Daniel Kremer

Daniel Kremer
Born (1984-07-23) 23 July 1984
Pittsburgh, Pennsylvania United States
Occupation Film director Film historian Biographer
Years active 1999–present

Daniel Kremer (born July 23, 1984) is an American film director, biographer and film historian. Kremer is perhaps best known for directing the multi award-winning A Trip to Swadades (2008), The Idiotmaker's Gravity Tour (2011),[1] Raise Your Kids on Seltzer (2016), Sophisticated Acquaintance (2007), Ezer Kenegdo (2016), A Simple Game of Catch (2012), Yarns To Be Spun on the Way to the Happy Home (2007), and A Collection of Chemicals (2009).

In November 2015, he published the book Sidney J. Furie: Life and Films through University Press of Kentucky's Screen Classics Series, edited by esteemed entertainment biographer Patrick McGilligan. Sidney J. Furie: Life and Films was written with Furie's full cooperation and involvement. Toronto International Film Festival director Piers Handling, who is a leading scholar of Canadian cinema, wrote the book's Foreword. Actor Michael Caine stated, "How wonderful that there is finally a book about Sidney J. Furie, one of the best filmmakers in the whole of my career!"[2]

Kremer is currently working on two book projects: Joan Micklin Silver: From Hester Street to Hollywood[3] and Susan Sontag on Film, edited with David Thomson and Tom Luddy, which is due out from Picador in 2017. He has written for Filmmaker Magazine[4] and is represented by legendary New York literary agent Georges Borchardt.[5]

In 2009, he founded the ConFluence-Film Blog.[6] Kremer is also credited with excavating and preserving A Cool Sound from Hell (1959), a long-thought-lost piece of Canadian film history.[7] The film had a "one-time-only FREE screening"[8] at the Toronto International Film Festival in September 2016. Kremer is a FIX Filmmaker on the independent cinema streaming service Fandor. [9]

Kremer was twice a guest on The Projection Booth podcast, alongside Sidney J. Furie and internationally renowned experimental filmmaker Peter Tscherkassky. The two episodes respectively discussed the films Hit! (1973)[10] and The Entity (1982).[11] Kremer is scheduled to return as a guest for a February 14, 2017, Projection Booth podcast, about Joan Micklin Silver's Chilly Scenes of Winter (1979), which will feature Joan Micklin Silver and the film's star John Heard.

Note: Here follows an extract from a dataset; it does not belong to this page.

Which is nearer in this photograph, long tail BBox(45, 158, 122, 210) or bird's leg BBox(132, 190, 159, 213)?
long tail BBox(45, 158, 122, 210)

Kremer works regularly with San Francisco Bay Area filmmaking icon Rob Nilsson and his stock company of actors and technicians. In 2016, Kremer helped form a filmmaking collective with many fellow Nilsson alumni. He made both Raise Your Kids on Seltzer (2015) and Ezer Kenegdo (2016) in the Bay Area with Nilsson and his crew. The former features Barry Newman, the star of the cult movie Vanishing Point, while the latter stars independent director Josh Safdie.

Kremer worked as film editor with Nilsson on two feature films, including the Bologna International Filmmaking Academy production Next Week in Bologna (2016), and Love Twice (2016), which features Velvet Underground star John Cale in a supporting role. Kremer also edited a 2014 documentary about the controversial rabbi Avi Weiss, which screened frequently on PBS in New York.

In 1999, Kremer figured prominently in filmmaker Peter Nicks's Danny and the Scatman,[12] a Marlon Riggs Award-winning documentary about stuttering/stammering, which also featured international pop-music icon Scatman John. Kremer later re-purposed footage from the film for his own short essay documentary Yarns To Be Spun on the Way to the Happy Home (2007), which won four Best Documentary film festival awards.